##### Material for this exercise #####

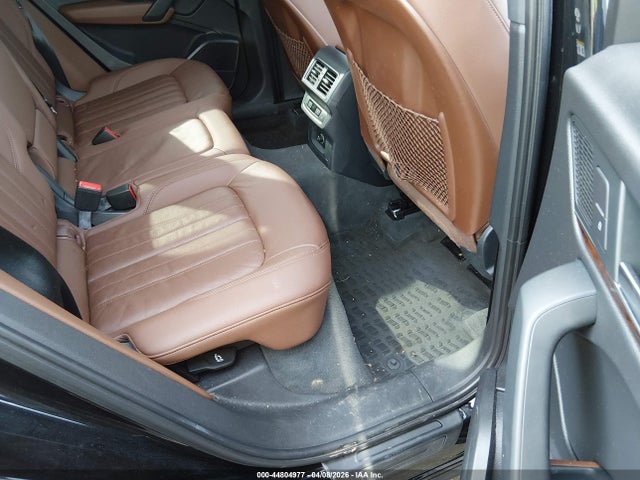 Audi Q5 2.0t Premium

#####
##### Material for this exercise #####

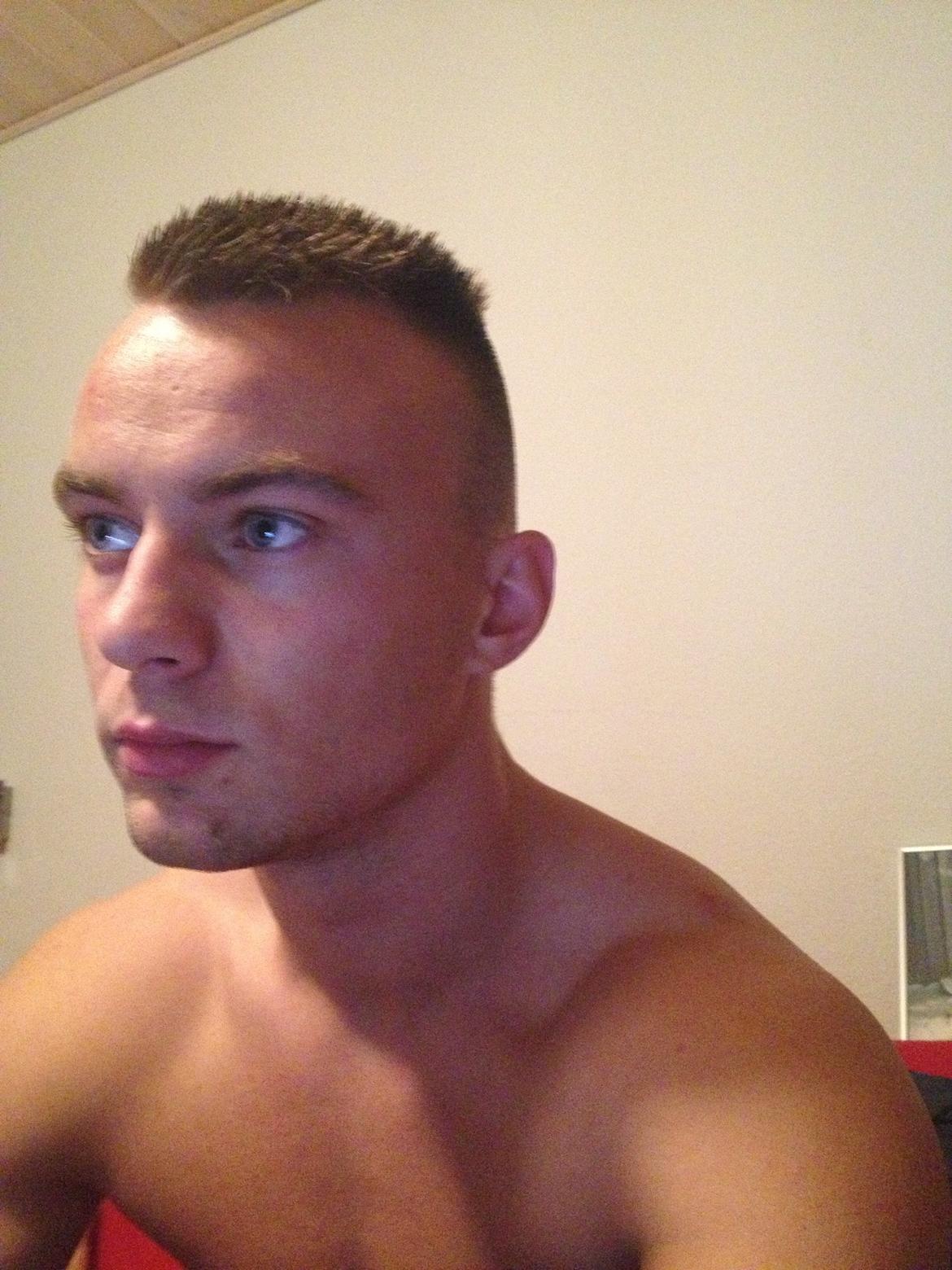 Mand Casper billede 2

#####
##### Material for this exercise #####

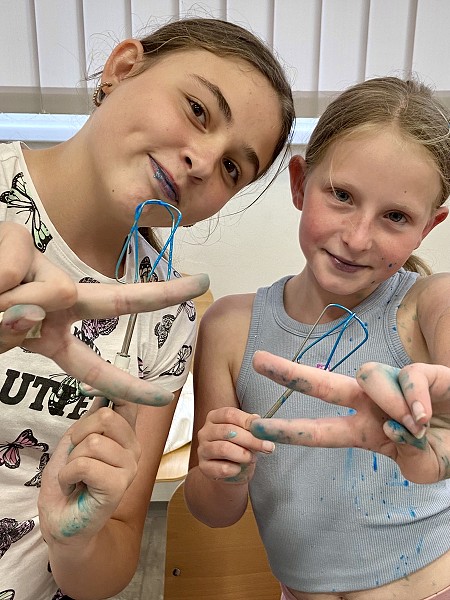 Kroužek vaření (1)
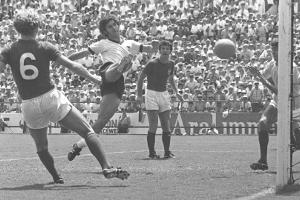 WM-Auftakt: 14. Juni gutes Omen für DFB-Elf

#####

■ What you have to do
Range to print from the listing above: from the line with "Kroužek vaření (1)" up to and including the line with "WM-Auftakt: 14. Juni gutes Omen für DFB-Elf". Please print those lines exactly, with no pictures and nothing more.

■ Written answer
 Kroužek vaření (1)
 WM-Auftakt: 14. Juni gutes Omen für DFB-Elf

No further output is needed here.